SEBRING - How far would you go to chase your dreams? Four Heartland teens are gearing up for the trip of a lifetime: a 4,400 mile trek from here to Rock Springs, Wyo., to compete in the National High School Finals Rodeo competition. And all four have the same goal, to bring back a national championship.
"It's everything I've worked for," said Blake Vickers, 16, a junior at Sebring High School. "It'd be awesome to win one."
Also making the trip with Vickers, will be his cousin, 16-year-old Aldyn Ashton, a fellow junior at Sebring, 17-year-old Loni Damboise, a senior at Sebring, and 17-year-old Mattie Bass, a senior at Moore Haven High School.
The dream of winning a national title seems to be a shared family trait between Ashton and Vickers.
"Rodeo is my life. I love it," Ashton said. "I've been around it since I was little. It's in my blood. Both my parents have been riding all their lives, too. They've always been very supportive and to win in Wyoming would just be amazing."
"I've been on a horse pretty much since the day I was born, so a national championship, that's my top goal," she added.
To make it to nationals, competitors had to finish in the top four of 13 different statewide events. They ranged from barrel racing and goat-tying to cutting and calf-roping. In Rock Springs, Ahston and Damboise will be competing in goat tying, while Vickers will focus on team-roping, and Bass will be in the cutting event.
However, for Damboise and Bass, there's more at stake than just brining home the top prize,- they're looking towards life after high school.
"It'd be nice to have a national title to help colleges notice me," Damboise said. "I've already got three schools I'm looking at, one in Texas, one in Oklahoma, and even one in Tennessee."
A Florida girl, Damboise said she's ready to move away from the Florida sand and onto greener pastures.
"I'm ready to go. My goal is to get at least west of Mississippi," she said with a laugh. "Definitely west of Mississippi."
Like nearly all riders on the rodeo circuit, Vickers, Ahston, Bass, and Damboise all have strong bonds with their horses. They're treated like family, because in this sport, the connection between a horse and its rider is crucial. Timing is everything, and the horse needs to know exactly what the rider is thinking, not only to ensure the safety of both, but to complete the event as quickly and perfectly as possible.
"We have a great old paint horse - Blue Eyes - who my dad got by trading a bucking bull for him," Ashton said. "It was either an old paint horse that nobody wanted or a set of bleachers. And he got Blue Eyes for my mom."
Aldyn explained that her dad and uncle used Blue Eyes to team rope before passing him along to her.
"He pretty much raised me," she said. "We don't have any papers on him or anything like that. He's just a backyard horse that nobody wanted, and he's maybe like 28 years old, but he belongs to all of us."
"It was amazing to grow up with him. He was like a baby sitter. He's faithful, reliable - you know what he's going to do everytime - he's just good as gold."

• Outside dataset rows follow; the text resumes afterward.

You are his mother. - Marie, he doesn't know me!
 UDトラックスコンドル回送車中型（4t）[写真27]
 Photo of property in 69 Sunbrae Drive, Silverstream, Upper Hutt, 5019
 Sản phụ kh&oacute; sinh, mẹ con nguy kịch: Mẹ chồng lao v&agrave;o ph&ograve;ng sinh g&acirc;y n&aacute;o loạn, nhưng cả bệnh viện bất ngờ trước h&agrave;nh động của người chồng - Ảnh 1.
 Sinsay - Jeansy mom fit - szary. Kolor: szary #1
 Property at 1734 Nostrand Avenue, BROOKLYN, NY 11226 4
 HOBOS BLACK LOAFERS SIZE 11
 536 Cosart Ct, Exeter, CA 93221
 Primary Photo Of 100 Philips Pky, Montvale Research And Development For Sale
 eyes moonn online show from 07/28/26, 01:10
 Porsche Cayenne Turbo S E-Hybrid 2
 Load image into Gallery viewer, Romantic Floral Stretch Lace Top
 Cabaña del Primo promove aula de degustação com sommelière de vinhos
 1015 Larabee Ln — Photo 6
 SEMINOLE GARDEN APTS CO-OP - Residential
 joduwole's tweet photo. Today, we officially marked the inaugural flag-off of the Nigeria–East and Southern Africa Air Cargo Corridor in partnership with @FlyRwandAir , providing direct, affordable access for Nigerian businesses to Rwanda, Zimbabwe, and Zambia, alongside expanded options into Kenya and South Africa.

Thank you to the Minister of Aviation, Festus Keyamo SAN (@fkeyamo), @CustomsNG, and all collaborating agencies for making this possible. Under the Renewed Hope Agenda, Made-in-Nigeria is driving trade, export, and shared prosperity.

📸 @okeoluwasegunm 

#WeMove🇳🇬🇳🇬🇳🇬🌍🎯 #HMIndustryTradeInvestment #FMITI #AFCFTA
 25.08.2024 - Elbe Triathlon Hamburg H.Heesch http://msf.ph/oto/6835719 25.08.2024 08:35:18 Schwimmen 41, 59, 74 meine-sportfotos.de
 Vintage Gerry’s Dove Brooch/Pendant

And hauling the horses through eight states will be a challenge in itself.
"I've never hauled a horse before," Bass said. "But I'm looking forward to it."
The group plans on hooking up the usual trailers they use to transport their horses around Florida, but this time they'll be ensuring that the horse is equipped with what it needs for a longer journey. Extra food will be key, and so will blinders for the horses eyes, so they don't get disturbed by the other cars on the trip.
"Caring for them is like caring for a family member, you really care about them," Aldyn said. "It's great, as long as you don't mind a little extra fertalizer around. I wouldn't want to ever give it up."
But despite the intense competition of Nationals, the trip into America's Great Plains comes with a few benefits. Along with seeing some of the country's most beautiful landscape, a trip to Yellowstone National Park might be in the mix, and as Bass explained, the chance to meet new people adds more excitement.
"I can't wait to compete," she said. "But I'm also looking forward to seeing all the other riders. A trip like this means a chance to meet new friends, and I'm really looking forward to that."